Where can I rain harvest?

Anywhere! Rainwater systems can incorporate simple rain barrels located below a single downspout to capture the rain, but can also be large tanks located below ground at a school for collecting the millions of gallons of rainwater each year. Office buildings, churches, houses, parks, zoos, schools and manufacturing facilities are all suitable locations to collect the rain. Below are a few more common applications:

  • Water supply: Common challenges include low-producing wells, high irrigation demands, expensive municipal water, and/or lack of water, period. Rainwater offers a supplemental water source to existing water supplies (well, spring, city water) and can help meet more than 65 percent of daily nonpotable demands.
  • Storm-water runoff / drainage control: With real-estate values skyrocketing, the costs of storm-water damage to your investments can decrease their value tremendously and increase your liability. Rainwater harvesting is a best-management practice for reducing storm-water runoff. Ideal for use in combined sewer or high flood-risk communities, rainwater cisterns capture storm-water during heavy rains, mitigating flooding of sewers and flood-susceptible areas and protecting sensitive water quality in streams, lakes and rivers. Rainwater cisterns store rooftop runoff, thereby diverting rainwater away from structures. This practice helps avoid problems associated with water seeping into basements or crawl spaces and creating wet-mold problems.
  • Fire protection: Today, it is more common for neighborhoods and commercial facilities to integrate cisterns with fire-protection systems. Due to the remote location of some homes and commercial buildings in mountain regions, available water supplies for fire protection are severely limited or not present. To address this problem, rainwater cisterns are being installed for individual homes, and communities are integrating single large cisterns to protect multiple homes in case of fire. As an added benefit, some insurance providers recognize this practice and provide reduced premiums for participating projects.
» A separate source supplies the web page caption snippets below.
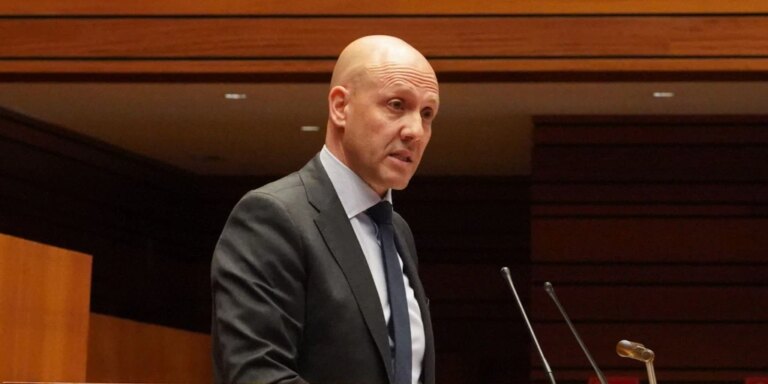 Menéndez se arroga que con Vox «Castilla y León funciona mejor»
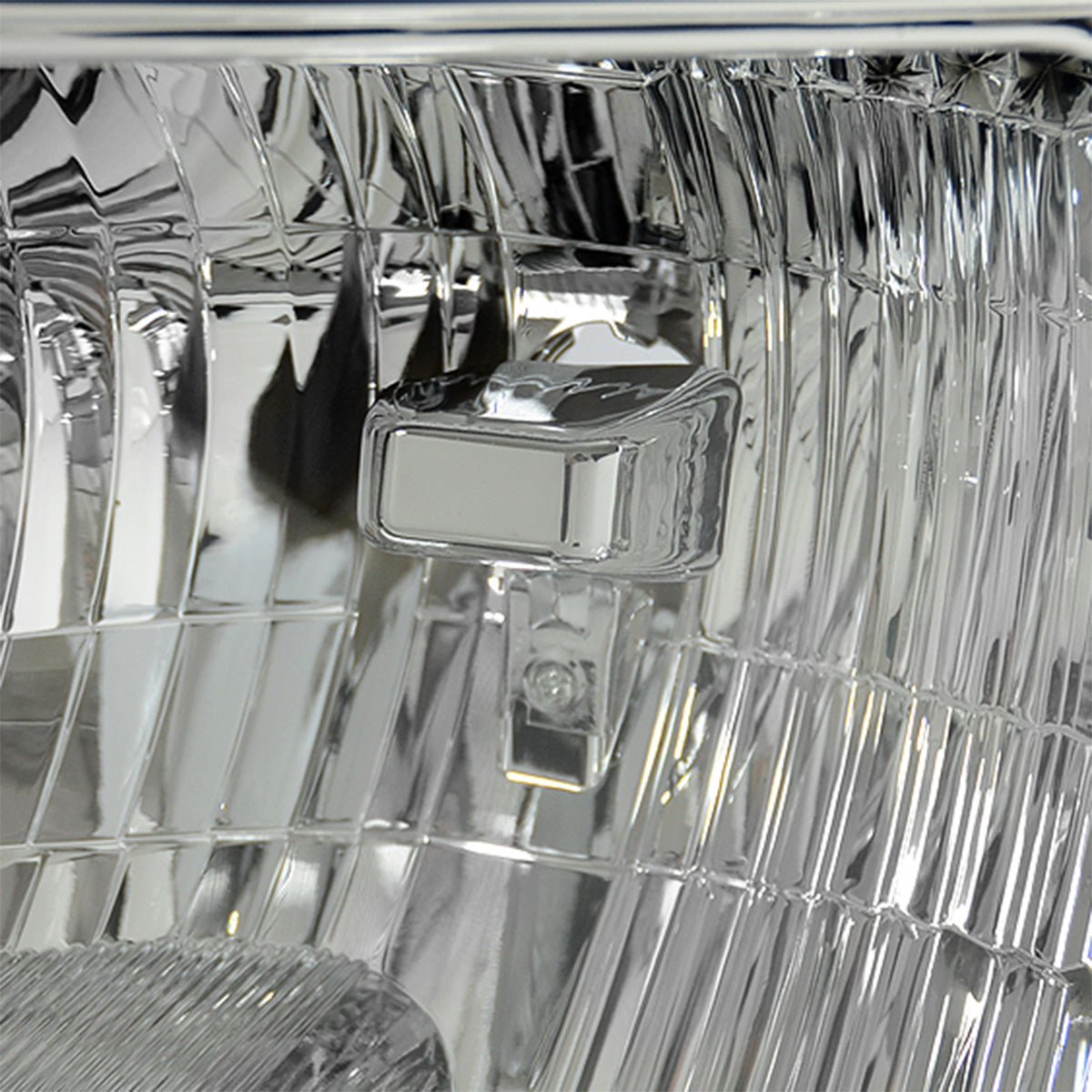 FAROS 09-14 FORD F-150 2/4-DR - FITS HALOGEN MODELS ONLY - DOES NOT FIT XENON OR HID MODEL - H13 LOW BEAM / HIGH BEAM / 3157A TURN SIGNAL - CHROME HOUSING / CLEAR CORNER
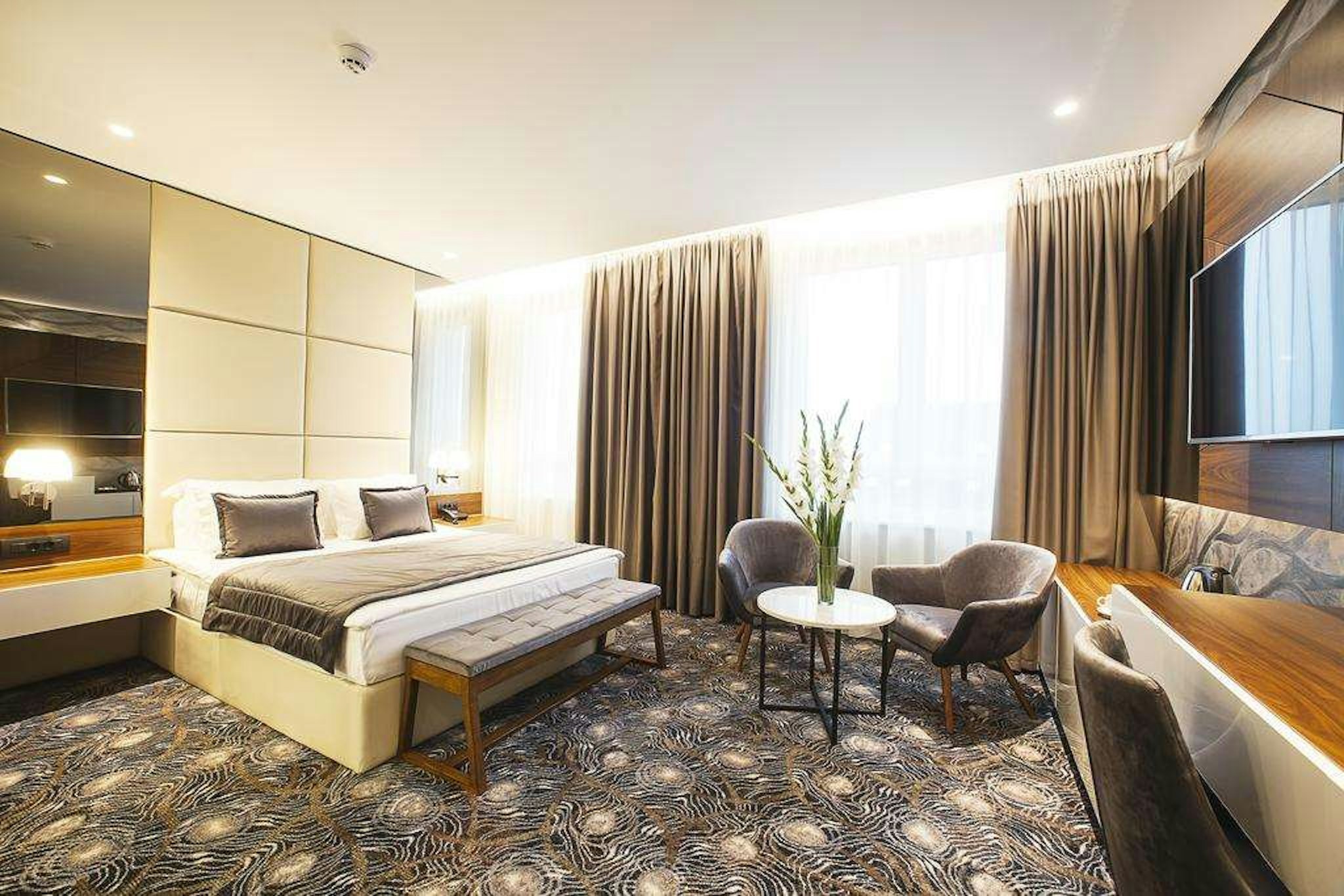 SKY HOTEL 12/49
With the South experiencing unprecedented drought, our communities will continue searching for ways to supplement and extend available water resources. Rainwater harvesting is one practice out of many that will help meet water-supply challenges throughout the Southeast. Easily taught and simple to implement, challenge yourself to add a rainwater-harvesting system to your home, business or school. You may be surprised how much water it will collect!